3. Retrieving the similar Embeddings
To compare how similar two texts are, we calculate the distance or angle between their vectors. Common similarity/distance metrics include:
a. Cosine Similarity (Most Common for NLP)
What it measures:
The angle between two vectors (i.e., how similar their directions are).
Formula:
Cosine Similarity = (A • B) / (||A|| * ||B||)
where:
- A • B is the dot product of vectors A and B
- ||A|| is the magnitude (length) of vector A
- ||B|| is the magnitude of vector B
Range: (-1 to 1):
- 1 → Vectors point in the same direction (very similar)
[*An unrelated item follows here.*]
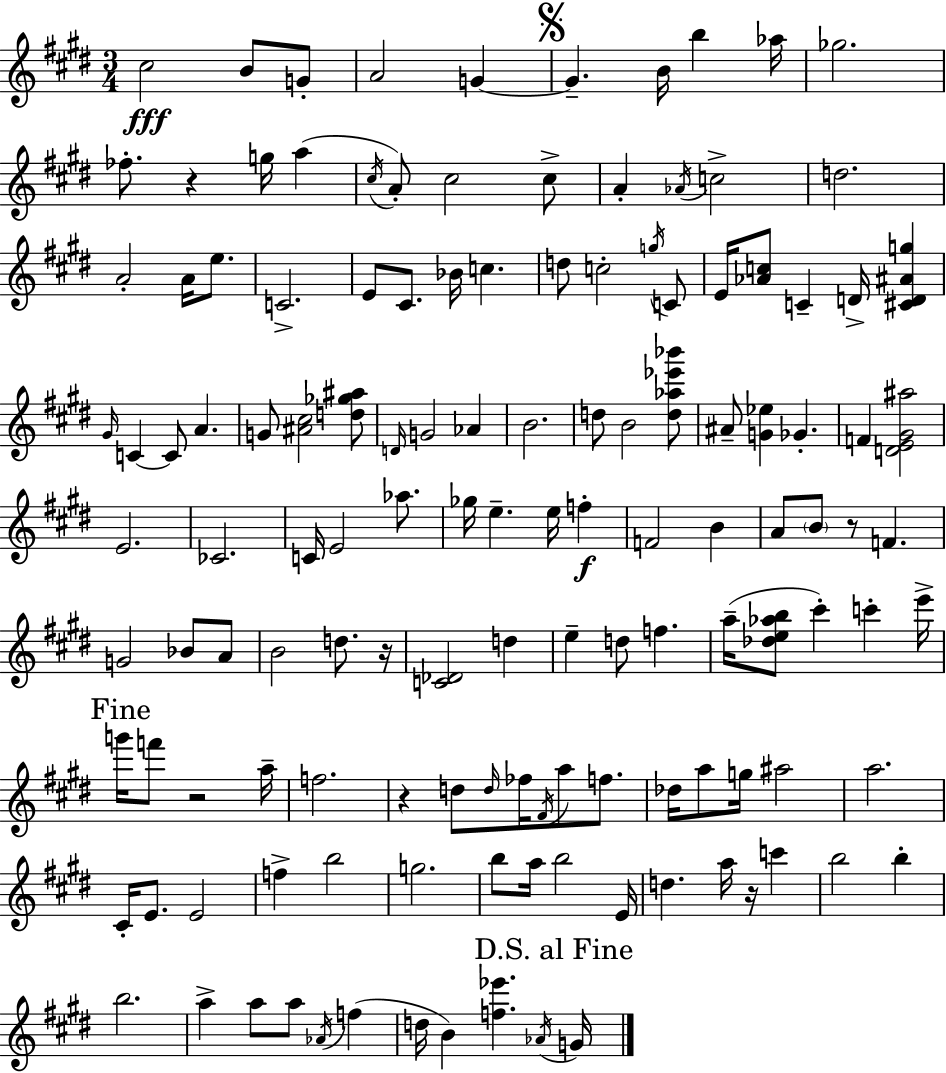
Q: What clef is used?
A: treble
- 0 → Vectors are orthogonal (unrelated)
- -1 → Vectors point in opposite directions (rare in practice with text embeddings)
Why it’s useful:
Cosine similarity ignores magnitude and focuses on direction, which makes it perfect for comparing sentence or word embeddings.
b. Euclidean Distance
What it measures:
The straight-line distance between two vectors in space.
Formula:
Euclidean Distance = Square root of the sum of squared differences across all dimensions
= sqrt( (A1 — B1)² + (A2 — B2)² + … + (An — Bn)² )
Interpretation:
- Lower distance = more similar
- Higher distance = more different
Why it’s used less in NLP:
It’s sensitive to vector magnitude and not ideal when you’re only interested in direction or semantic closeness.
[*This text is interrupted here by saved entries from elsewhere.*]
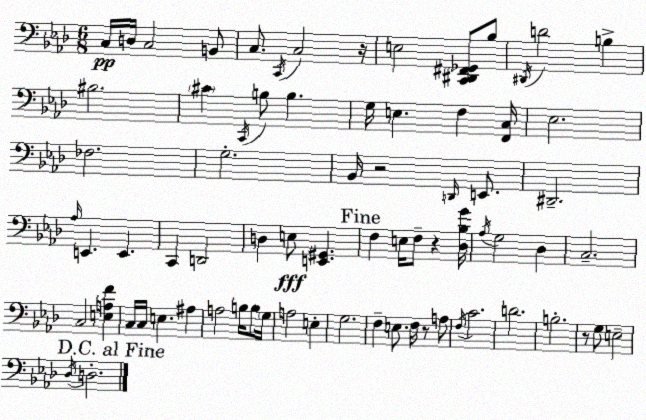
X:1
T:Untitled
M:6/8
L:1/4
K:Fm
C,/4 D,/4 C,2 B,,/2 C,/2 C,,/4 C,2 z/4 E,2 [C,,^D,,^F,,_G,,]/2 _B,/2 ^D,,/4 D2 B, ^B,2 ^C C,,/4 B,/2 B, G,/4 E, F, [F,,C,]/4 _E,2 _F,2 G,2 _B,,/4 z2 D,,/4 E,,/2 ^D,,2 _A,/4 E,, E,, C,, D,,2 D, E,/2 [E,,^G,,] F, E,/4 F,/2 z [_D,_B,G]/4 _A,/4 G,2 _D, C,2 C,2 [E,A,F] C,/4 C,/4 E, ^A, A,2 B,/4 B,/2 G,/4 A,2 E, G,2 F, E,/2 F,/4 z/2 A,/2 F,/4 C2 D2 B,2 z/2 G,/2 E,2 _D,/4 D,2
c. Manhattan Distance (Also called L1 distance)
What it measures:
The sum of absolute differences across all dimensions.
Formula:
Manhattan Distance = |A1 — B1| + |A2 — B2| + … + |An — Bn|
Use case:
Useful in high-dimensional or sparse data scenarios. Not very common in dense text embeddings.
- BERT & Sentence-BERT: Pretrained models that generate contextual embeddings.
- FAISS: Facebook’s library for efficient similarity search.
- Pinecone, Weaviate, Qdrant: Vector databases.
- Hugging Face Transformers: For generating embeddings from models.
# To install dependencies
pip install sentence-transformers#Sample Documents
docs = [
"How to learn Python programming?",
"Best ways to stay healthy during winter",
"Tips for fixing a leaky faucet",
"Introduction to machine learning",
"How to repair a dripping tap"
]
# Create Embeddings
from sentence_transformers import SentenceTransformer, util
model = SentenceTransformer('all-MiniLM-L6-v2')
doc_embeddings = model.encode(docs, convert_to_tensor=True)
# Query & Search
query = "How can I fix a leaking tap?"
query_embedding = model.encode(query, convert_to_tensor=True)
# Find the most similar document
scores = util.pytorch_cos_sim(query_embedding, doc_embeddings)
# Rank documents by score
best_match_index = scores.argmax()
print(f"Best match: {docs[best_match_index]}")
#This Must be the output
" Best match: How to repair a dripping tap "
Visual Representation of the above code snippet:
- E-commerce: “Affordable laptop for students” → Results with low-cost notebooks
- Customer Support: Match tickets to relevant knowledge base articles
- Recruitment Platforms: Match resumes to job descriptions
- Chatbots: Retrieve context-aware answers from documentation
Semantic search isn’t just a buzzword — it’s transforming the way we find information. Whether you’re building a smart search feature in your app or optimizing your content for voice search, understanding semantics is now essential.
As language models grow more powerful, the line between “search” and “understanding” continues to blur. And that’s exactly what makes this space so exciting.